La llamada a la anulación del voto es así una protesta oscura que habla del desfondamiento no sólo de un modelo económico que ha llegado al más alto grado de su contraproductividad, sino de un modelo político que en su gigantismo también ha dado de sí y se ha vuelto apolítico. Con ese “No” en las urnas, los ciudadanos no debemos buscar la recomposición del Estado y sus instituciones –es precisamente su desmesurado tamaño el que ha generado la descomposición de la vida política que provoca nuestro hartazgo–, sino acotar su ambicioso poder de dominación y construir una nueva Constitución basada – como lo propone lo mejor del zapatismo– en la proporción, en los límites, en las autonomías, donde la confianza mutua permite el florecimiento de las verdaderas democracias y las verdaderas economías. Se trata –vuelvo a Ochoa– de redefinir umbrales, esos lindes que, acotando el poder, separan “el terreno inhóspito del habitable (y a partir de los cuales) podemos edificar un ‘techo común’ que nos resguarde y nos permita hermanarnos”.

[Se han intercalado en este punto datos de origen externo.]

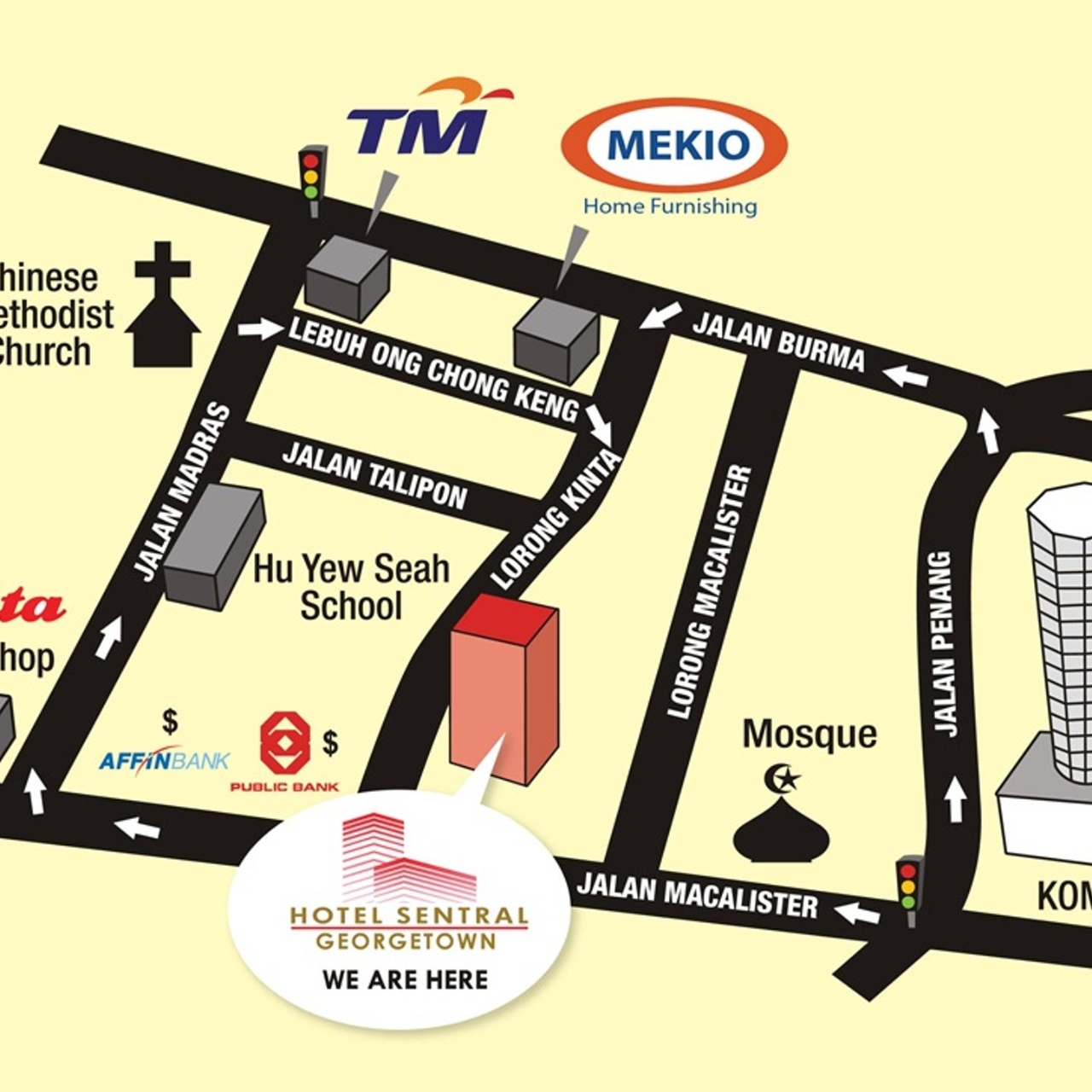 Hotel Sentral Georgetown 3 Hrs Star Hotel In Mukim 13 Timur Laut Pulau Pinang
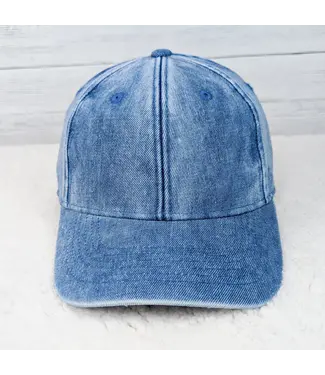 Trendy Tee Co. Midwash Pacific Denim Cap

Es la única salida frente a las desmesuras del Estado y el Mercado. Una salida dolorosa, como todo aquello que quiere la salud. Buscar paliativos es sólo alimentar la enfermedad que nos llevará a la muerte y a perder de vista la sustancia de lo que puede salvarnos.
Además opino que hay que respetar los Acuerdos de San Andrés, liberar a todos los zapatistas presos, derruir el Costco-CM del Casino de la Selva, esclarecer los crímenes de las asesinadas de Juárez, sacar a la Minera San Xavier del Cerro de San Pedro, liberar a los presos de Atenco y de la APPO, y hacer que Ulises Ruiz salga de Oaxaca.